To test whether tumor cell-intrinsic RIG-I signaling induces bona fide ICD, we injected such immunized mice with living B16.OVA melanoma cells. Indeed, immunization of mice with B16.OVA cells undergoing RIG-I-mediated cell death largely protected recipient animals from subsequent melanoma challenge (Figure 2a) with 7 out of 8 mice being tumor-free at data census.
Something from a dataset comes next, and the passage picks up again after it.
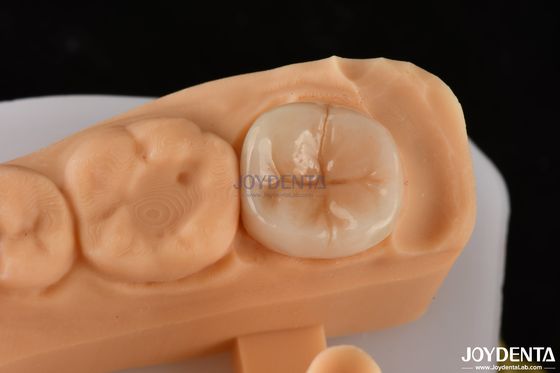 Buy 0.5mm-2mm Precise Fit Emax Dental Inlay Onlay For Reliable Tooth Restoration online manufacture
Consistent with this, tumor antigen-specific immunity induced by a RIG-I-activated 3p-B16 cellular vaccine also translated into strong regression of pre-established melanoma (Figure 2b). Depletion experiments showed that 3p-B16-induced antitumor immunity was mediated by both CD8⁺ cytotoxic T cells and NK1.1⁺ NK cells. The latter is in line with previous work demonstrating that therapeutic targeting of RIG-I can result in NK cell-mediated melanoma cell killing.⁹ Importantly, we found that the immunogenicity of RIG-I-induced tumor cell death was not dependent on the presence of the model antigen OVA. Immunization of mice with poorly immunogenic B16-F10 melanoma cells undergoing RIG-I-induced cell death partially protected recipients from subsequent B16-F10 melanoma challenge, associated with strongly reduced tumor growth in this aggressive model and 33% of mice being tumor-free at data census (Figure 2c). Taken together, these data show that RIG-I signaling in melanoma cells induces ICD with potent cross-priming of tumor antigen-specific CD8⁺ T cells and subsequent anti-tumor immunity.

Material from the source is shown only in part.